In the midst of everything else, employers must remember that New York State’s sick leave law (SLL) takes effect on September 30, 2020 (as noted in our client advisories in April and May). Eligible employees may begin to accrue sick leave as of that date, but are not permitted to utilize earned sick leave under the SLL before January 1, 2021.
Employees in New York City and Westchester County have been eligible for leave under local laws since 2014 and 2019, respectively. Now, all employees in New York State will be entitled to between 40 and 56 hours of annual sick leave.
As explained in our April alert, benefits under the SLL are available to employees in New York as follows:
- Employers with both fewer than five employees in a calendar year and annual net income of less than one million dollars – Employees are entitled to up to 40 hours of unpaid sick leave in each calendar year.
- Employers with fewer than five employees in a calendar year but annual net income of greater than one million dollars – Employees are entitled to up to 40 hours of paid sick leave in each calendar year.
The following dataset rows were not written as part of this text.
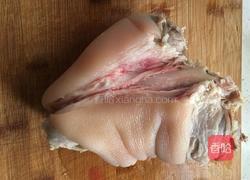 冰糖肘子的做法图解3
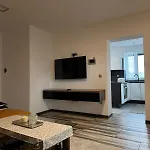Moderne Bahnhof Naehe Apartament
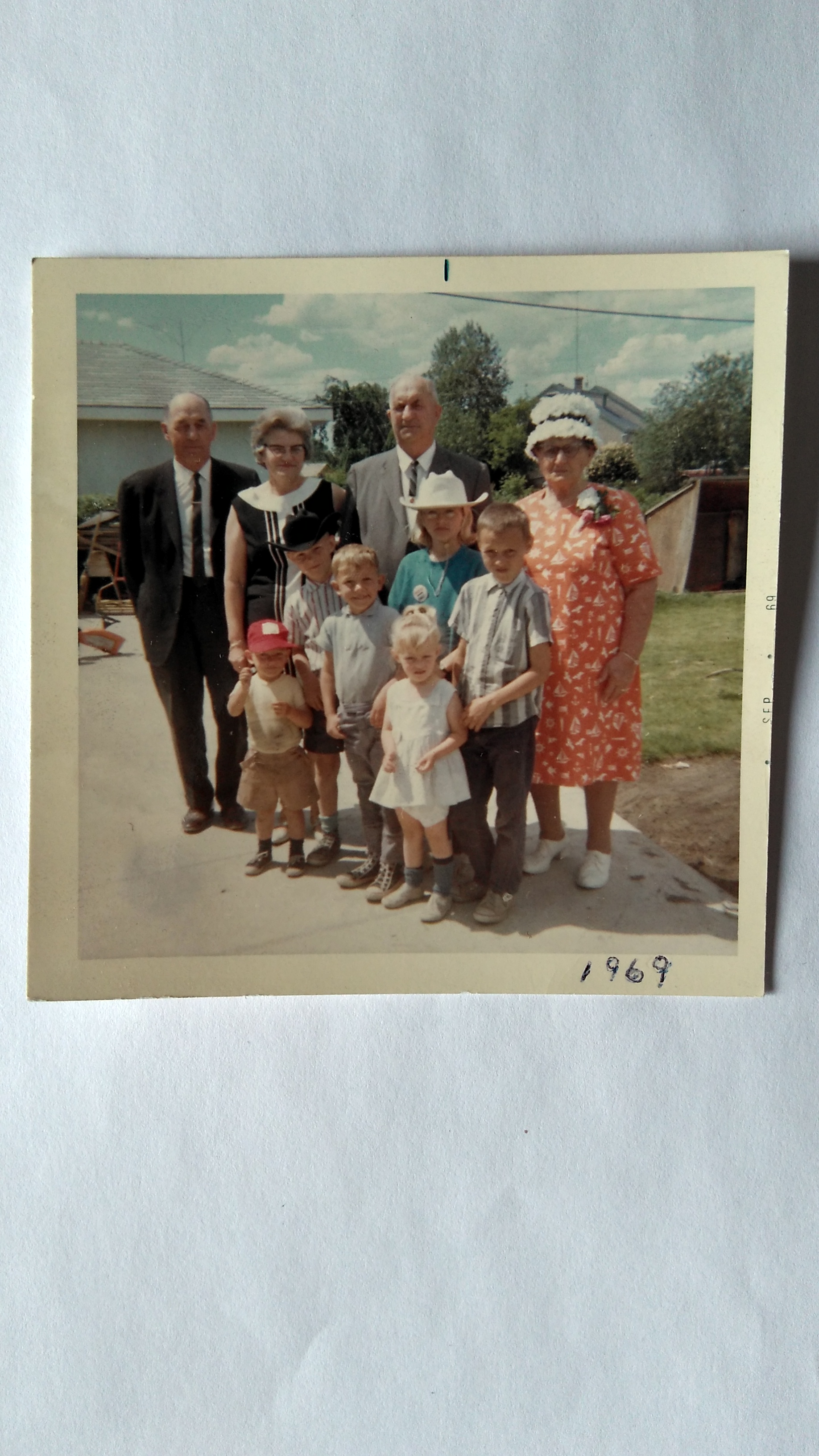 2020-11-08-simon-agatha-joe-florence-with-peter-marys-children-1969-img-20201105-122330782-hdr.jpg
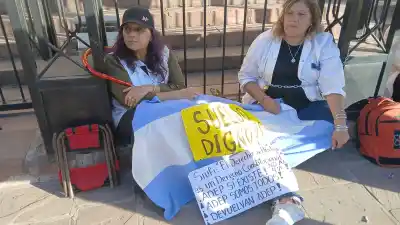 Se encadenaron en Casa de Gobierno: el desesperado reclamo de docentes que viajaron desde el interior
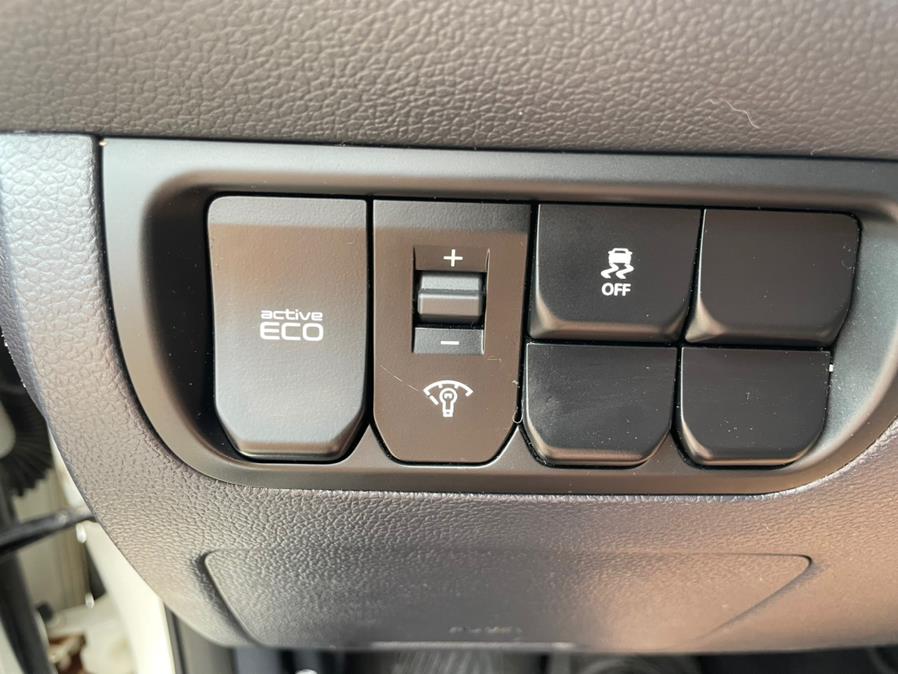 2013 Kia Rio 4dr Sdn Man LX, available for sale in Manchester, Connecticut | Carsonmain LLC. Manchester, Connecticut 2013 Kia Rio 4dr Sdn Man LX, available for sale in Manchester, Connecticut | Carsonmain LLC. Manchester, Connecticut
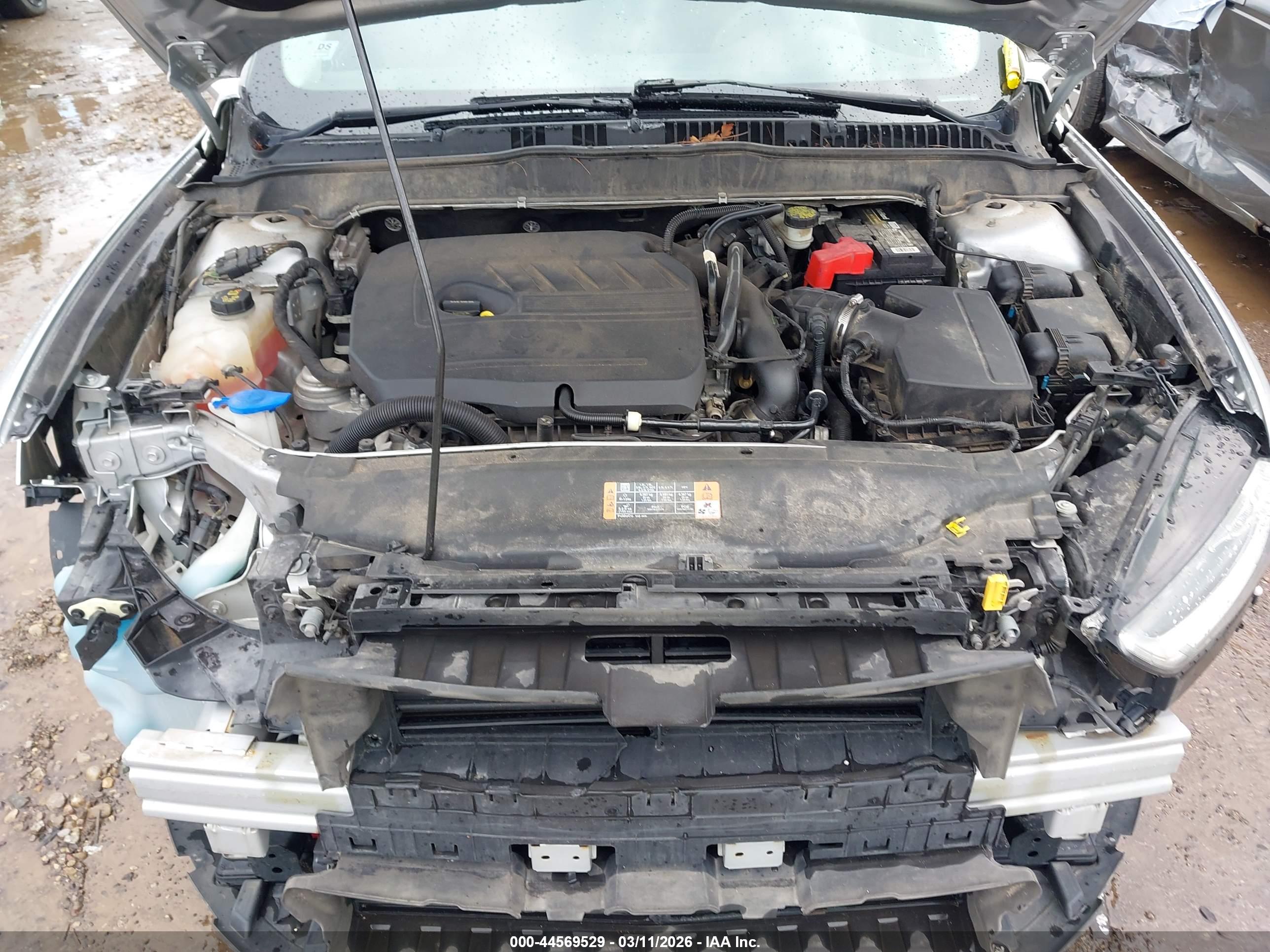 FORD FUSION image 10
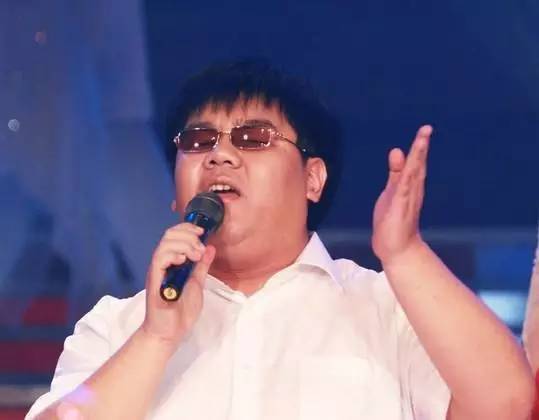 奧運|他從小眼盲成選秀冠軍，唱奧運上春晚，用歌聲感動世界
- Employers with between five and 99 employees in a calendar year – Employees are entitled to up to 40 hours of paid sick leave in each calendar year.
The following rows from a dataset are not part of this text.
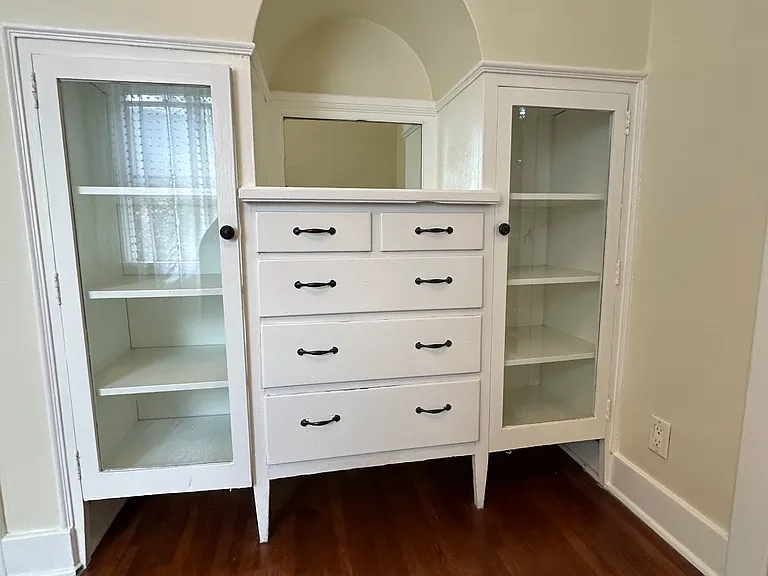dresser/cabinet in dining room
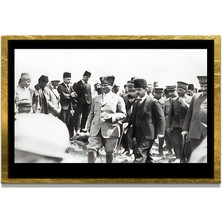 Marsilyan Yapay Zeka ile Yenilenmiş Atatürk Fotoğrafları Siyah Beyaz Cam Tablo, 3D Dekoratif Baskı 479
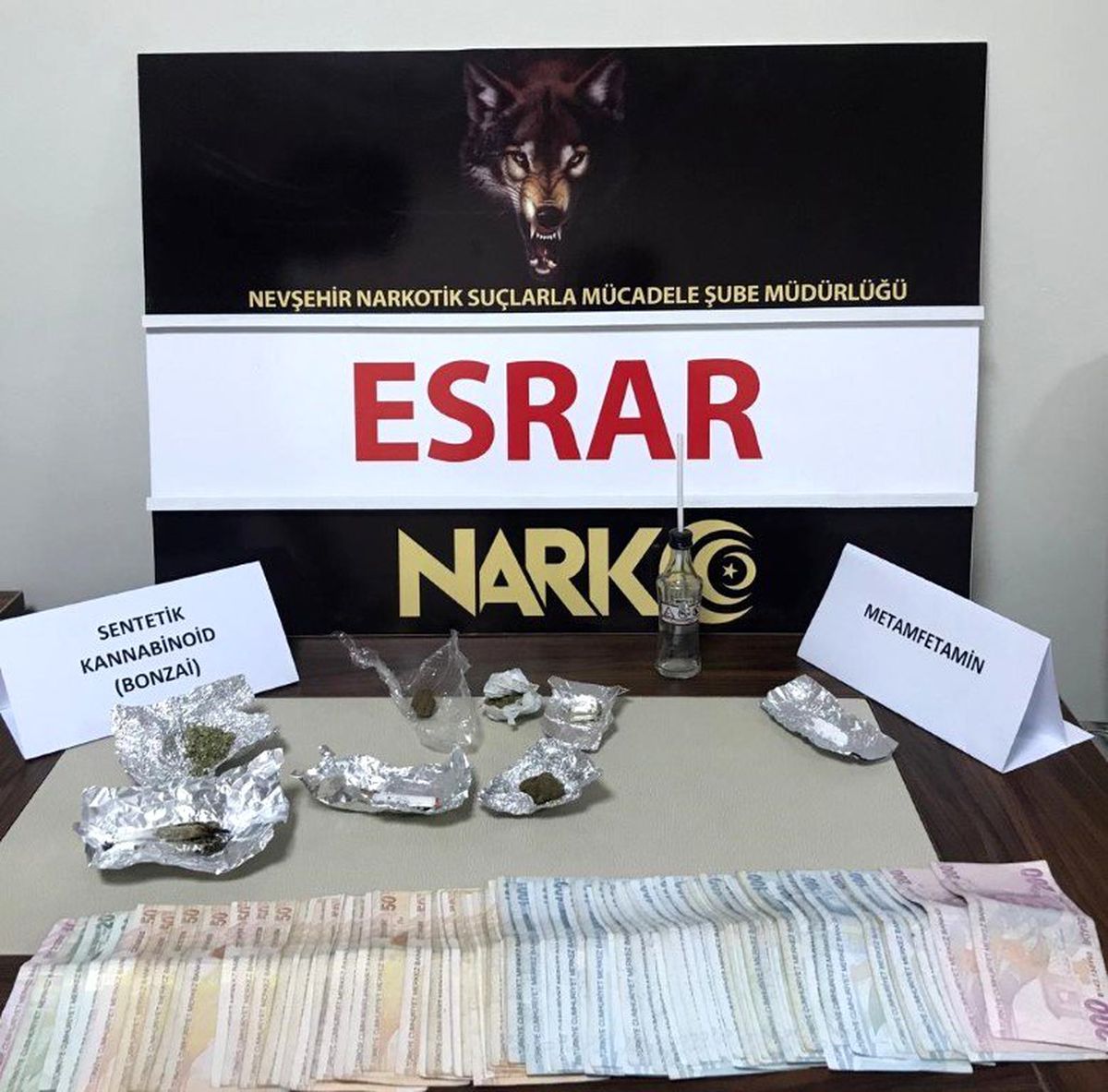 Zehir taciri bir kişi yakalandı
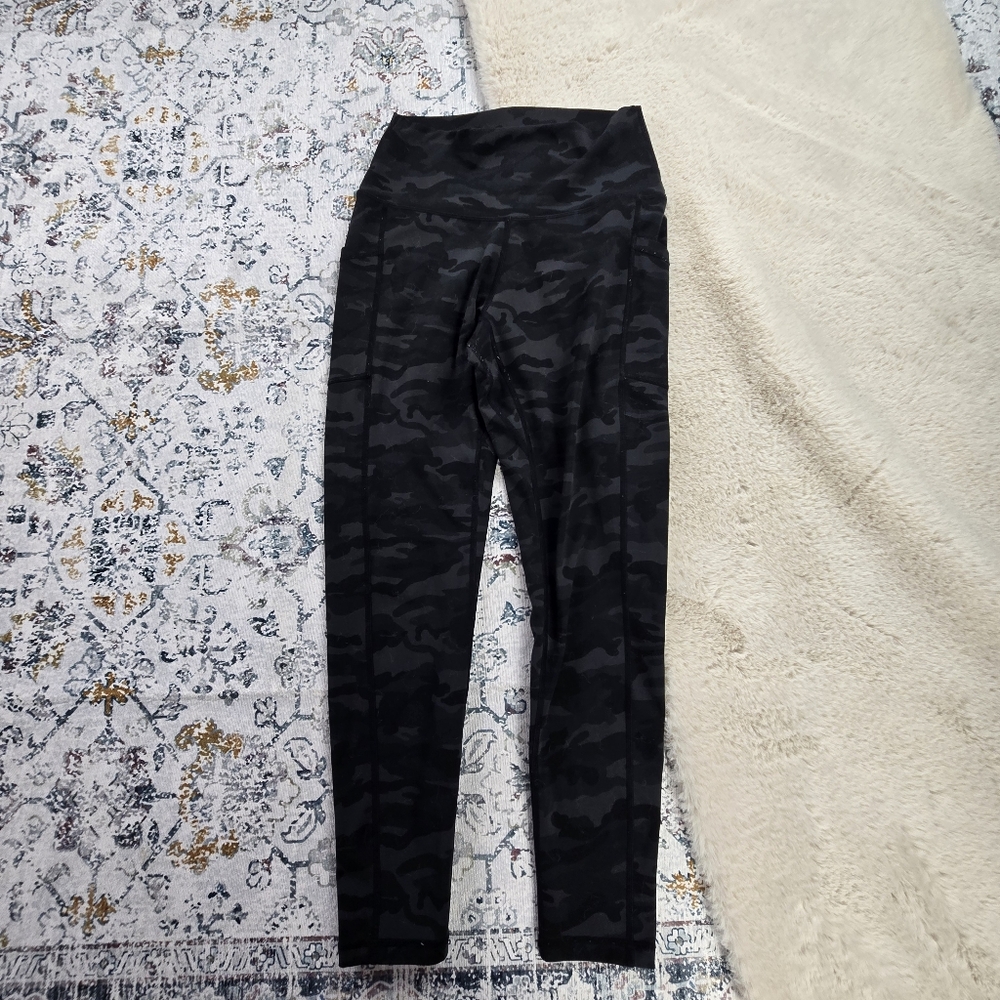 ColorfulKoala Camo Active Legging Women Medium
- Employers with 100 or more employees in a calendar year – Employees are entitled to up to 56 hours of paid sick leave in each calendar year.
For employers choosing to allow employees to accrue sick leave based on time worked, accrued sick leave must be tracked as of September 30. But, because employees cannot use the accrued time before January 1, 2021, employers must permit employees to carry their 2020 accruals into the new year. Employers who choose to administer the accrual method must permit employees to accrue sick leave at the rate of one hour for every 30 hours worked.
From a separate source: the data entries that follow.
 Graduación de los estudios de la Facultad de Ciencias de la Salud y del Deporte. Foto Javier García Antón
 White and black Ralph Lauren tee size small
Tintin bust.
Alternatively, and to avoid the potential recordkeeping problems in calculating an employee’s accrued sick leave, employers may elect to frontload the total number of required sick leave hours at the beginning of each calendar year, starting in January 1, 2021. For example, an employer with 100 or more employees may satisfy its obligation by providing each employee with 56 hours of paid leave available for use as of the first day of 2021.
A comprehensive explanation of the permissible uses of sick leave can be found here.
Employers should also note that effective September 30, in connection with the SLL, New York’s Wage Theft Prevention Act has been amended to require all New York State employers to maintain records – for no less than six years – of the “amount of sick leave provided to each employee.” More information on the Wage Theft Prevention Act can be found here.
As of the date of this advisory’s publication, New York has not released guidance or regulations to assist employers with interpreting the SLL. Guidance will likely be of particular importance to employers in New York City and Westchester County, who will need to navigate state requirements in addition to obligations under existing local laws.
Employers should review their existing leave policies to ensure compliance with the SLL.